Kees Jonkman (Kitty)

Voor Kees Jonkman werd die middag in Mariposa, een speciaalzaak voor travestie, alles anders. Toen een medewerkster de perfecte pruik op zijn hoofd zette, het sluike haar zorgvuldig schikte en hem een spiegel voorhield, was ze daar ineens: Kitty. Niets kon hij uitbrengen. Hij kon zijn ogen niet afhouden van die zachtere versie van hemzelf. En hij dacht: naar jou ben ik al die ­jaren op zoek geweest. "Het was het mooiste moment uit mijn leven,"

Het zat, achteraf bezien, altijd al in hem. Dertien jaar was Kees toen hij stiekem kleding uit de kast van zijn zus pikte. "Die trok ik aan als er niemand thuis was. Ik viel wel gewoon op vrouwen, maar voelde me vaak ook een meisje. Dat liet ik aan niemand merken. Kees was twee keer getrouwd, maar droeg zijn vrouwelijke gevoelens nooit uit. "Mijn ex-vrouwen wisten er niks van.
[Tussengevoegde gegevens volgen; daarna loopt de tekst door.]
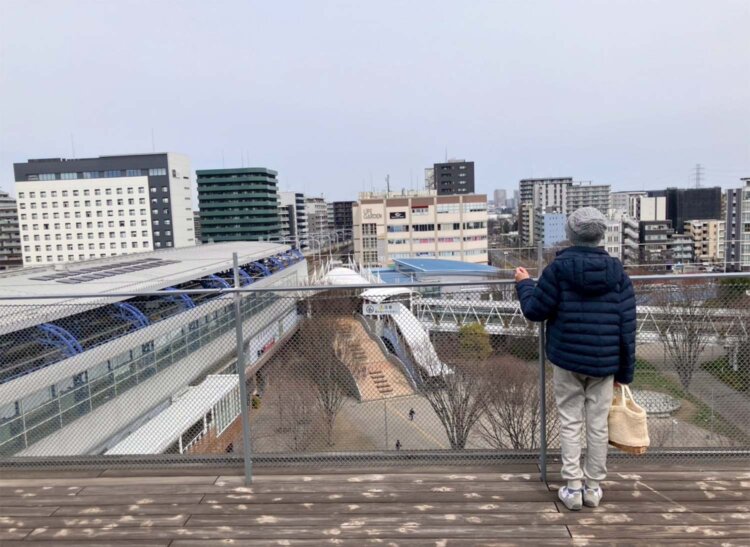 流山おおたかの森S.C.／「FLAPS」の屋上テラスは10:00～18:00のみ。悪天候や安全確保等で入れない場合あり。写真は6階テラス。千葉県流山市おおたかの森南1-5-1☎04-7152-3333（代）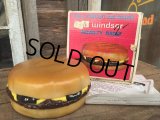 Vintage Humburger AM Radio (DJ244)
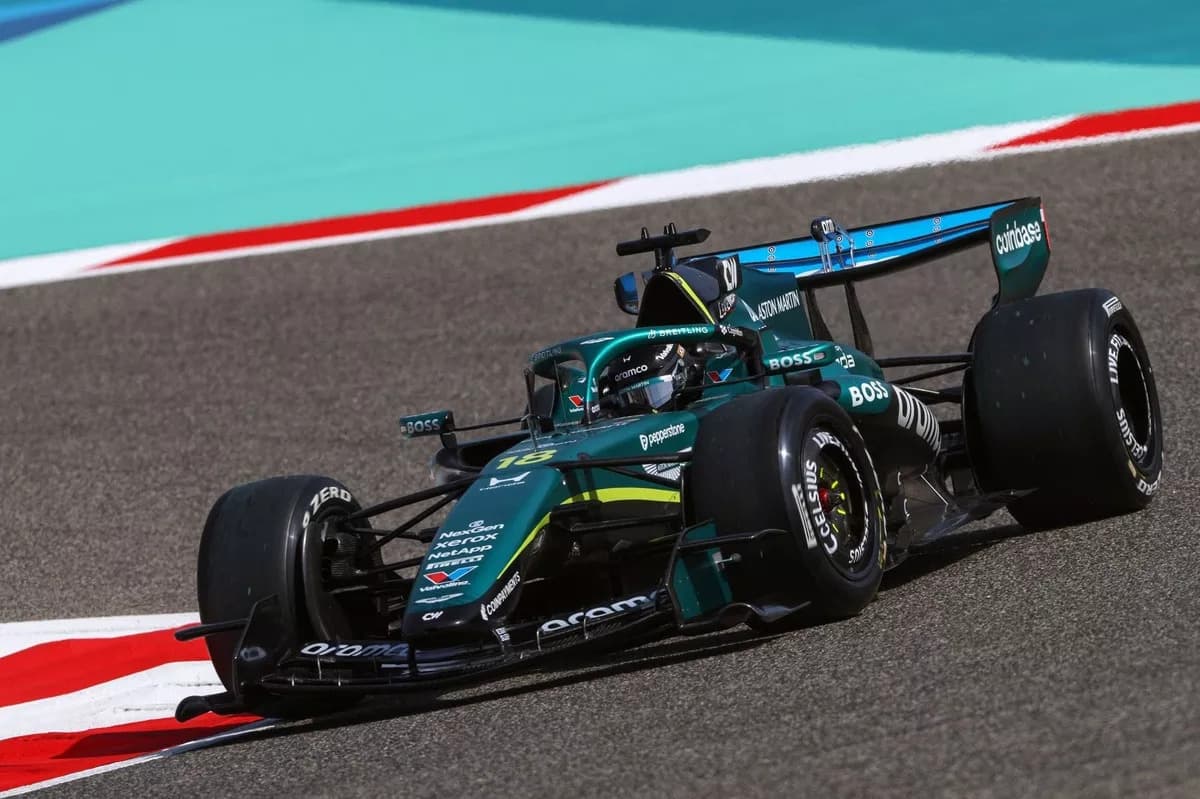 Ztrácí Aston Martin čtyři sekundy na kolo? Stroll odhalil frustraci!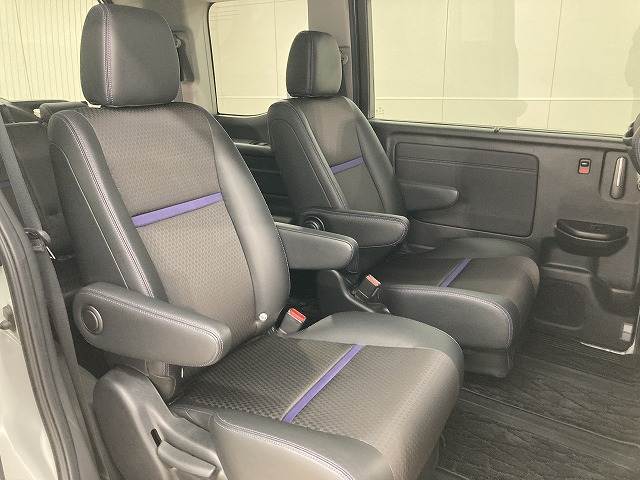 ステップワゴンスパーダ HV G EX Honda SENSING BLACK STYLE 内装他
Zelf was ik er ook niet mee bezig. Ik had het te druk met andere dingen." Rond zijn veertigste, nadat ook zijn tweede huwelijk was gestrand, zocht Kees online op travestie en transgenders. "Ik begreep eindelijk wat me mankeerde. Vanaf dat moment trad ik als Kitty naar buiten. Dat speelde zich vooral 's nachts in het uitgaansleven af." Overdag werkte Jonkman als bouwvakker. Hoewel hij soms moeilijk aansluiting vond in die machowereld, oogde hij zo potig en rauw dat zijn collega's hem eerder als een aardige, zonderlinge knakker beschouwden dan dat ze ooit een Kitty in hem hadden vermoed. 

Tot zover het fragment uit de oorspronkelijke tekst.